### [What you are asked to do]
All lines from the one holding "Villa Hum - Dvokrevetna" down to the last line of the entries are to be reproduced exactly, with no other lines.

-- Given entries follows --

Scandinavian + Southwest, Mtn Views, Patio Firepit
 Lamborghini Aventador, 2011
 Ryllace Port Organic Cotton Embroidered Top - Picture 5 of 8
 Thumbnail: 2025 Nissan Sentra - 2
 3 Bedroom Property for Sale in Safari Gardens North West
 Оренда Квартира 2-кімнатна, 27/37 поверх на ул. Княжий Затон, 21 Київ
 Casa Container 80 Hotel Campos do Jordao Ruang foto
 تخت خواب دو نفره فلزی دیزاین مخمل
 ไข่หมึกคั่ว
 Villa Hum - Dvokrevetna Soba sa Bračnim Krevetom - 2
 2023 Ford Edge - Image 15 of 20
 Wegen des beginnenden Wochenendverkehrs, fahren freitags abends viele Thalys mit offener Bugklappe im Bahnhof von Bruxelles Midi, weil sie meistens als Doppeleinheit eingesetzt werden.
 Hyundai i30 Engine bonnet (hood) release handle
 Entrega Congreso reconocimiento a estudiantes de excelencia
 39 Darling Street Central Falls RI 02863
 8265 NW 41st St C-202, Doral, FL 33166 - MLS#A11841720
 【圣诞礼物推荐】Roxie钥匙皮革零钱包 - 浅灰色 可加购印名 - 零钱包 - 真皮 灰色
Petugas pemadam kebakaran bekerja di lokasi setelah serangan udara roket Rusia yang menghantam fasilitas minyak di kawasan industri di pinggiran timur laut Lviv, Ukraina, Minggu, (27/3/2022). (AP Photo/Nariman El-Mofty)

-- Given entries concluded --

### [The completed task]
 Villa Hum - Dvokrevetna Soba sa Bračnim Krevetom - 2
 2023 Ford Edge - Image 15 of 20
 Wegen des beginnenden Wochenendverkehrs, fahren freitags abends viele Thalys mit offener Bugklappe im Bahnhof von Bruxelles Midi, weil sie meistens als Doppeleinheit eingesetzt werden.
 Hyundai i30 Engine bonnet (hood) release handle
 Entrega Congreso reconocimiento a estudiantes de excelencia
 39 Darling Street Central Falls RI 02863
 8265 NW 41st St C-202, Doral, FL 33166 - MLS#A11841720
 【圣诞礼物推荐】Roxie钥匙皮革零钱包 - 浅灰色 可加购印名 - 零钱包 - 真皮 灰色
Petugas pemadam kebakaran bekerja di lokasi setelah serangan udara roket Rusia yang menghantam fasilitas minyak di kawasan industri di pinggiran timur laut Lviv, Ukraina, Minggu, (27/3/2022). (AP Photo/Nariman El-Mofty)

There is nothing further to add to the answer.